THE PROBLEM: In the entries below, find the line with "G.I. Joe Classified Series" and the line with "Basiglio - Residenza Sorgente - Foto 4"; reproduce those two lines and all lines between them exactly, without pictures.

DATASET:

--- START ---

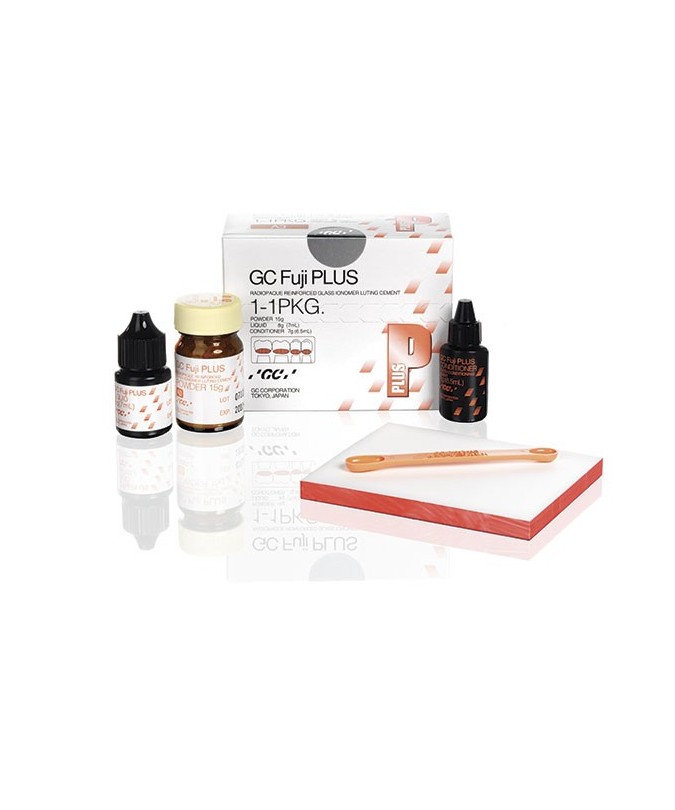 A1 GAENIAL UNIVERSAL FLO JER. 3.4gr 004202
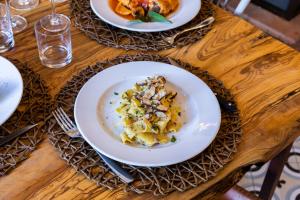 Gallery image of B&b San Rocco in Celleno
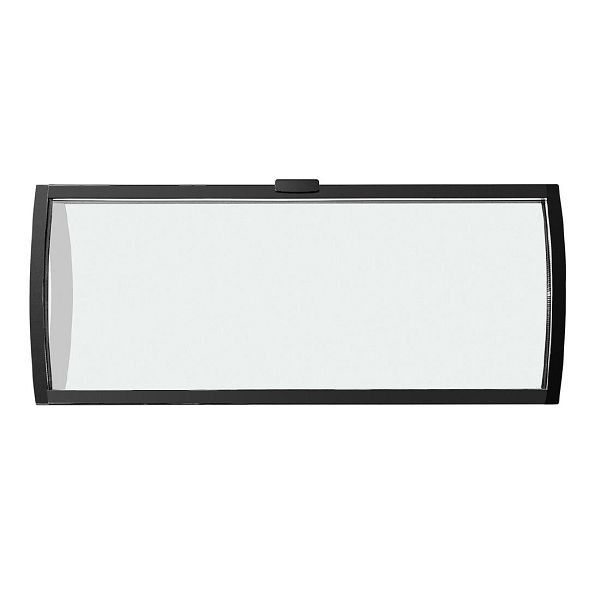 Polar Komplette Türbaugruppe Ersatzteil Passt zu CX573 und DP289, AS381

--- END ---
--- START ---

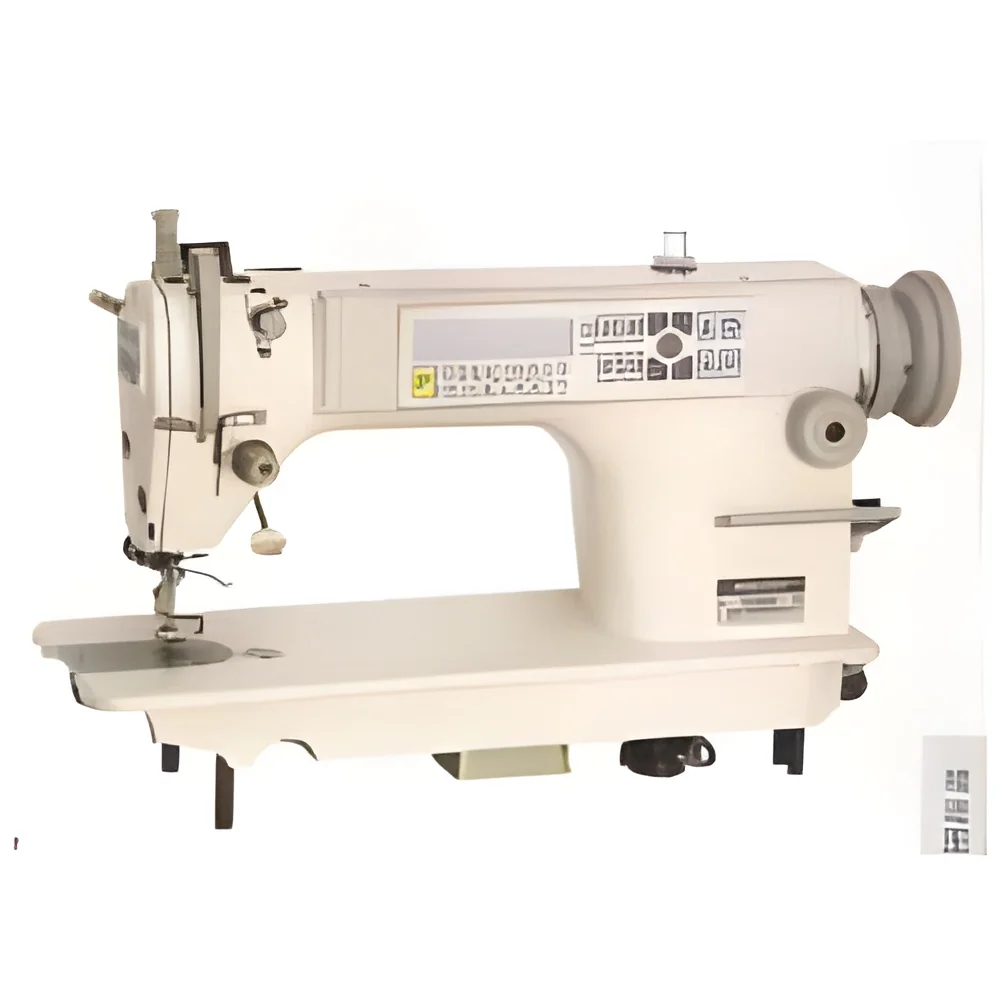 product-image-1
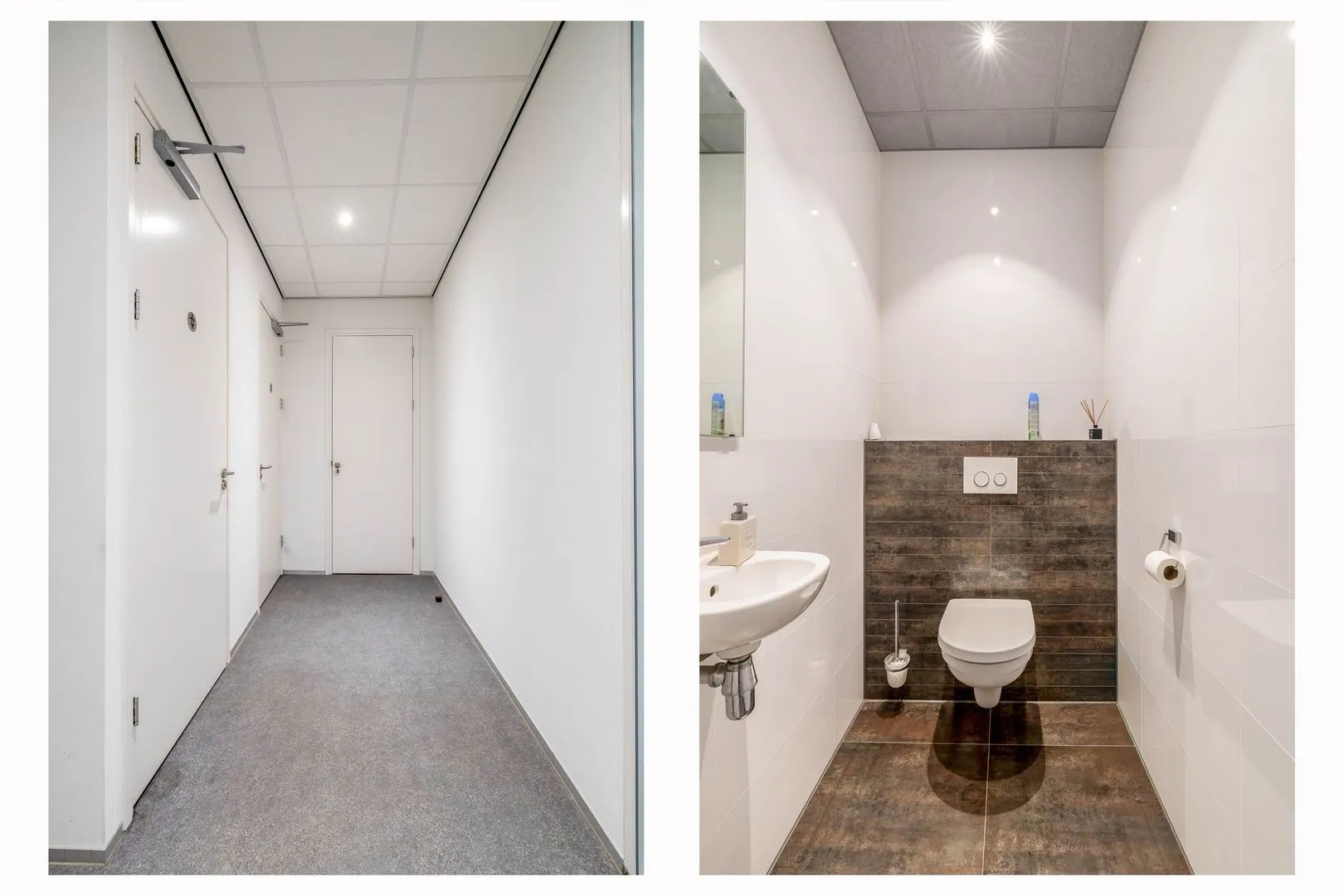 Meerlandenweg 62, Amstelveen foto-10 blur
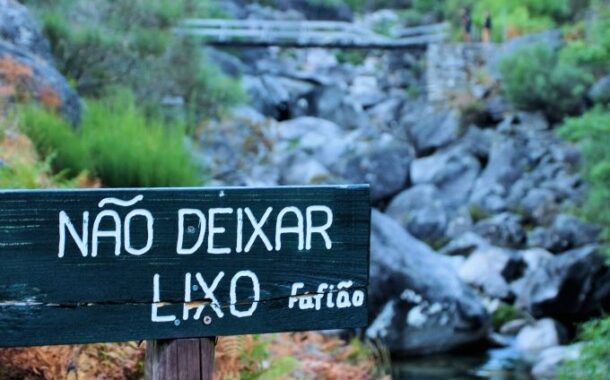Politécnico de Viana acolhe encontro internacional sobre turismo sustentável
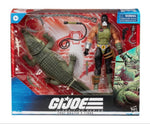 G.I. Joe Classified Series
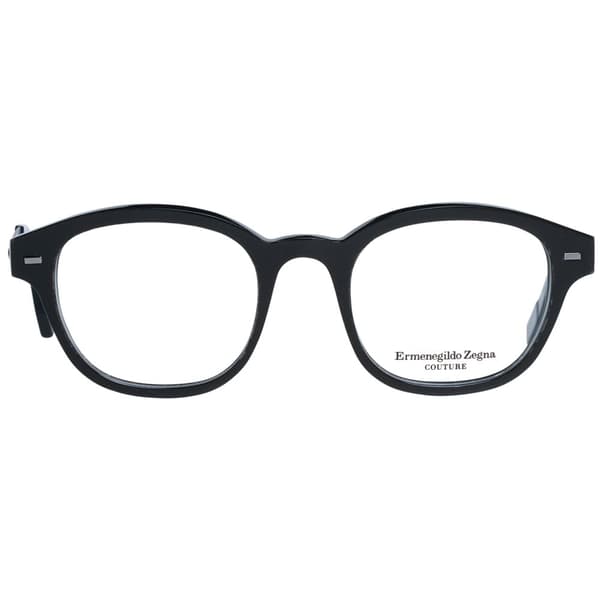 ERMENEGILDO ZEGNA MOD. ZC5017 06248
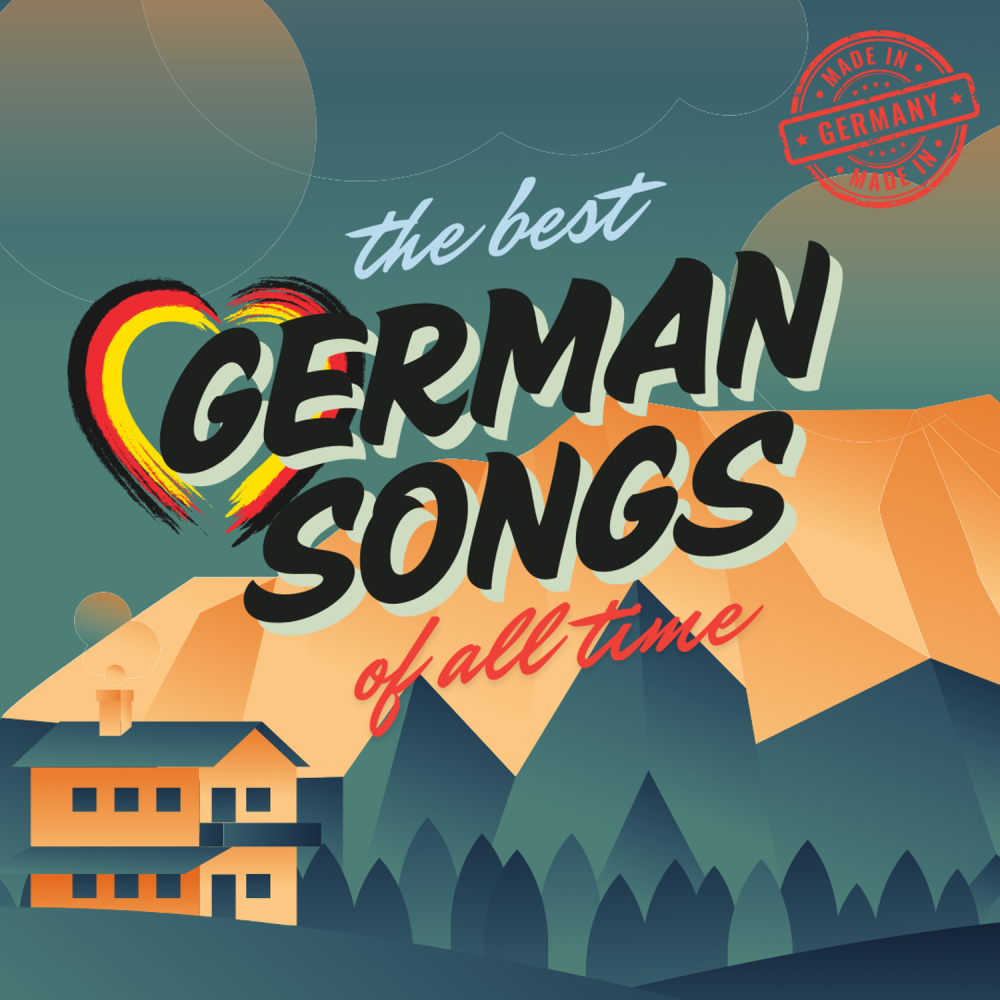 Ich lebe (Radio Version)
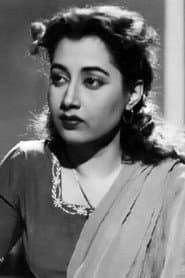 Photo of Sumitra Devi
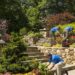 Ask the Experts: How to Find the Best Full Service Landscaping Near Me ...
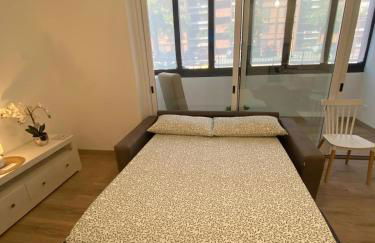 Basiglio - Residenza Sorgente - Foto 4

--- END ---

REPLY:
 G.I. Joe Classified Series
 ERMENEGILDO ZEGNA MOD. ZC5017 06248
 Ich lebe (Radio Version)
 Photo of Sumitra Devi
 Ask the Experts: How to Find the Best Full Service Landscaping Near Me ...
 Basiglio - Residenza Sorgente - Foto 4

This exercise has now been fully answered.